On 8/5/23 01:46, Xiao Zeng wrote:
The operands to the comparison need to be in DImode for rv64 and SImode
for rv32. That's the X iterator.
After analyzing the rtl log, I can't agree more with this sentence.
Note the mode of the comparison
operands may be different than the mode of the destination. ie, we
might have a 64bit comparison and produce a 32bit sign extended result
much like the setcc insns support.
This patch changes the 6 zicond patterns to use the X iterator on the
comparison inputs. That at least makes the patterns correct and fixes
this particular testcase. There's a few other lurking problems that
I'll address in additional patches.
Committed to the trunk,
Jeff
1 In any case, jeff's analysis is convincing, here I will add a little bit of
my own analysis.
2 First, for the test cases:
foo(long long int x, long long int y) {
if (((int)x | (int)y) != 0)
return 6;
return x + y;
}
look directly at the compared assembly code. This allows people to quickly
realize where the error occurred.
X_mode.s(right)
ANYI_mode.S(error)
10 foo: 10 foo:
11 or a5,a0,a1 11
or a5,a0,a1
12 sext.w a5,a5 12
li a4,6
13 addw a0,a0,a1 13
addw a0,a0,a1
14 li a4,6
15 czero.nez a1,a0,a5 14
czero.nez a1,a0,a5
16 czero.eqz a0,a4,a5 15
czero.eqz a0,a4,a5
17 or a0,a0,a1 16
or a0,a0,a1
18 ret
17 ret
3 You will find that the correct assembly is just one more assembly
instruction: sext.w a5,a5, the rest of the two are exactly the same.
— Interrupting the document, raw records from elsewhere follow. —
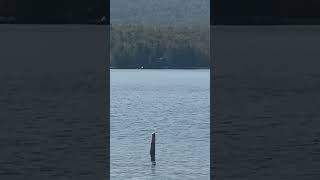 Seaplane takeoff at Seventh Lake in ADK aviation [upl. by Ultima212]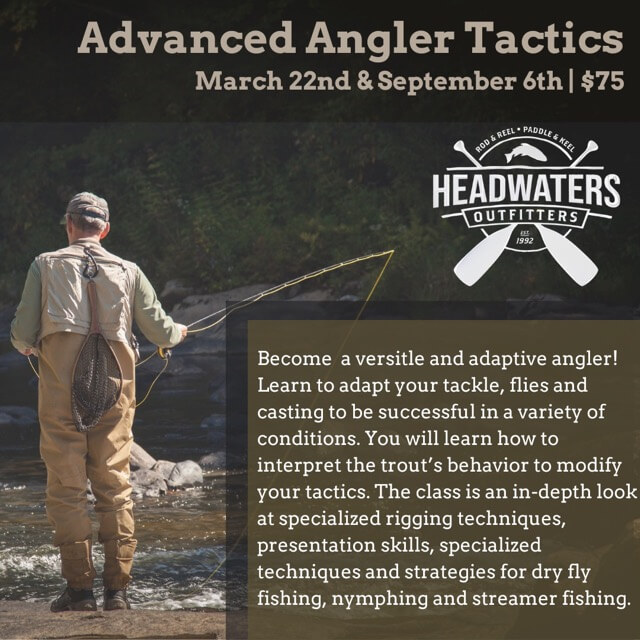 Advanced Angler Tactics with Guide Patrick Weaver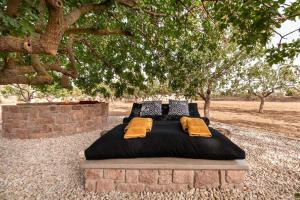 Jardí fora de Los Pistachios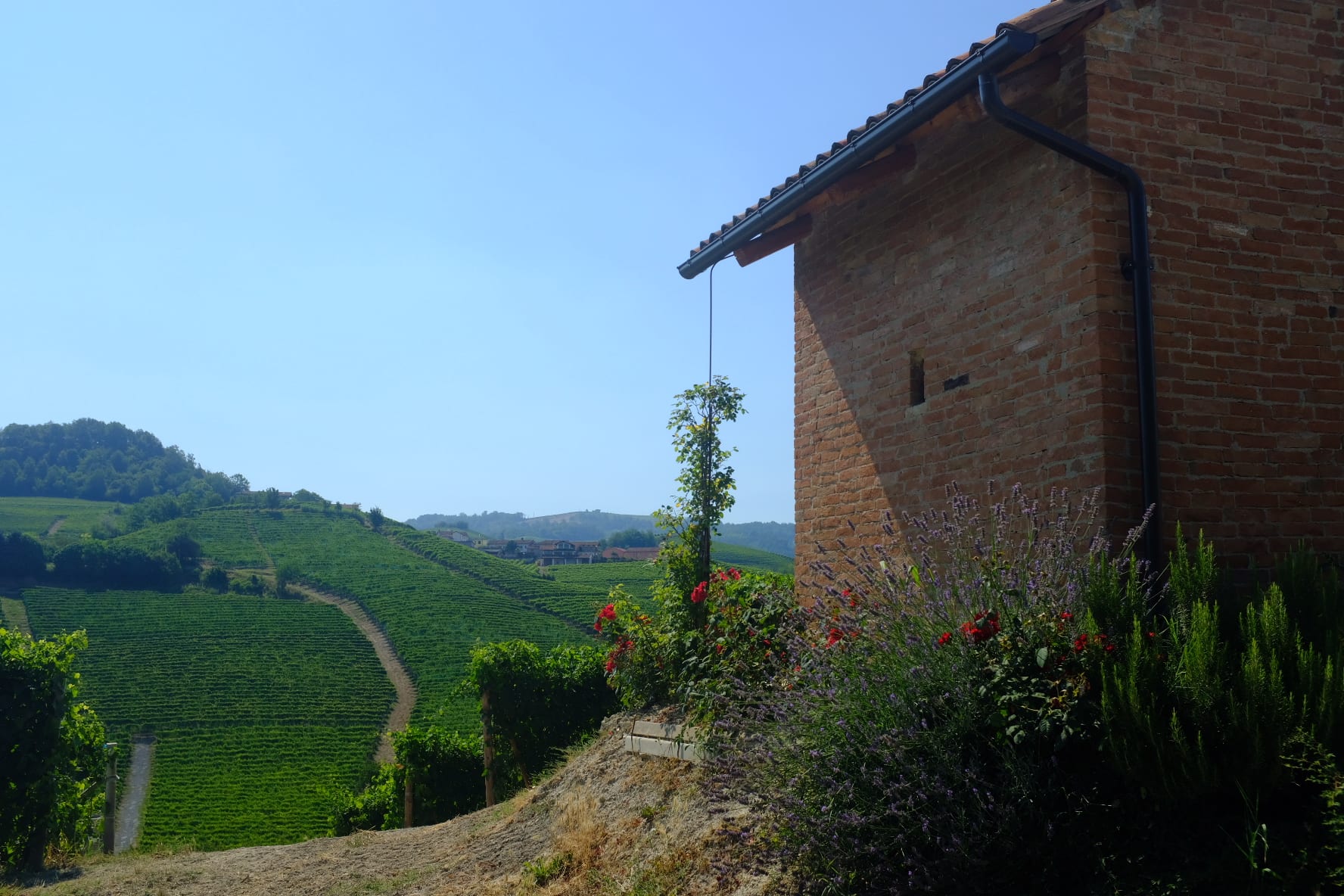 Barolo Vineyards Shed
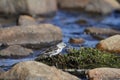 Young snow bunting Plectrophenax nivalis perching on a willow over water foraging for food Royalty Free Stock Photo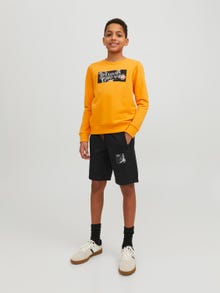 Jack & Jones Regular Fit Prakaito šortai For boys -Black - 12237594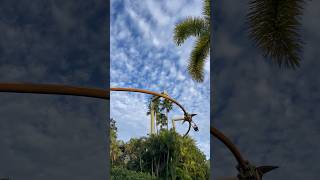 Pteranodon Flyers a Prehistoricbirdseye View of the Jurassic Park Area 🦕 universalstudios dino [upl. by Zucker]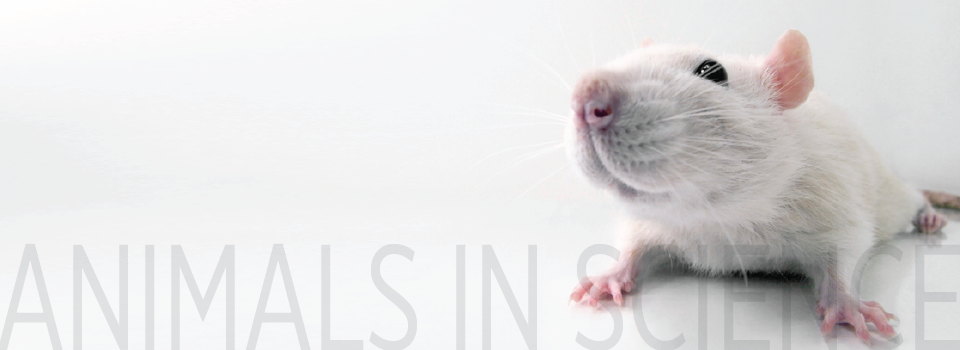 reasons for and against animal testing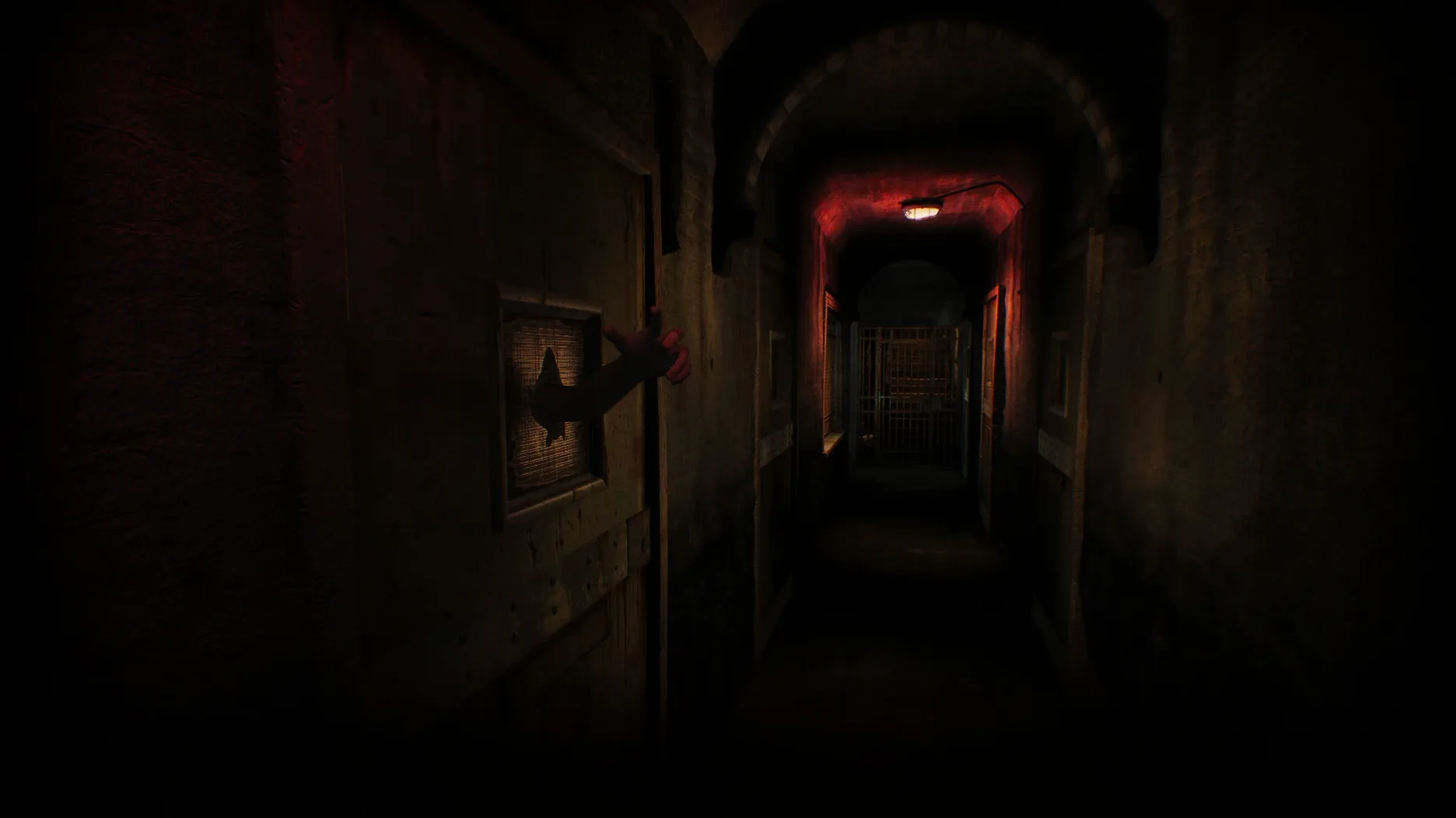 ASYLUM reel 5 ASYLUM snapshot 5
4 From the perspective of assembly instructions, the a5 value obtained
by sext.w a5, a5 may be different from the original a5 value, which leads
to errors in the test case.
Exactly.
5 However, it is difficult to directly see that an error has occurred
from the rtl log of gcc's passe.
Yes. It's pretty subtle, but par for the course once subreg expressions
are involved. subregs are a major wart in the design/implementation of
RTL due to them having fairly obscure semantics that are dependent on
whether they are widening or narrowing subregs, if the inner object is a
mem or something else, etc and how they interact with
WORD_REGISTER_OPERATIONS.
6 I'm wondering about transforms like this:
In test.c.c.301r.ira
(insn 36 34 42 2 (set (reg:DI 153)
(if_then_else:DI (eq:DI (subreg:SI (reg:DI 145) 0)
(const_int 0 [0]))
(reg:DI 149)
(const_int 0 [0]))) "test.c":4:12 13599 {*czero.nez.disi}
(expr_list:REG_DEAD (reg:DI 149)
(nil)))
But it's already broken in this form. There was a sign extension in
the IL up through the combine pass. In fact, I nearly made the argument
that the bug was in combine's simplification of (sign_extend (subreg
...)) to (subreg ...).
But ultimately the hardware semantics of risc-v are that comparisons
look at the full register, plain and simple. So a narrowing subreg to a
sub-word mode is simply wrong i this context. This is also consistent
with the implementation of conditional branches and scc insns in the
risc-v backend.
In test.c.c.302r.reload it becomes
(insn 36 34 42 2 (set (reg:DI 11 a1 [153])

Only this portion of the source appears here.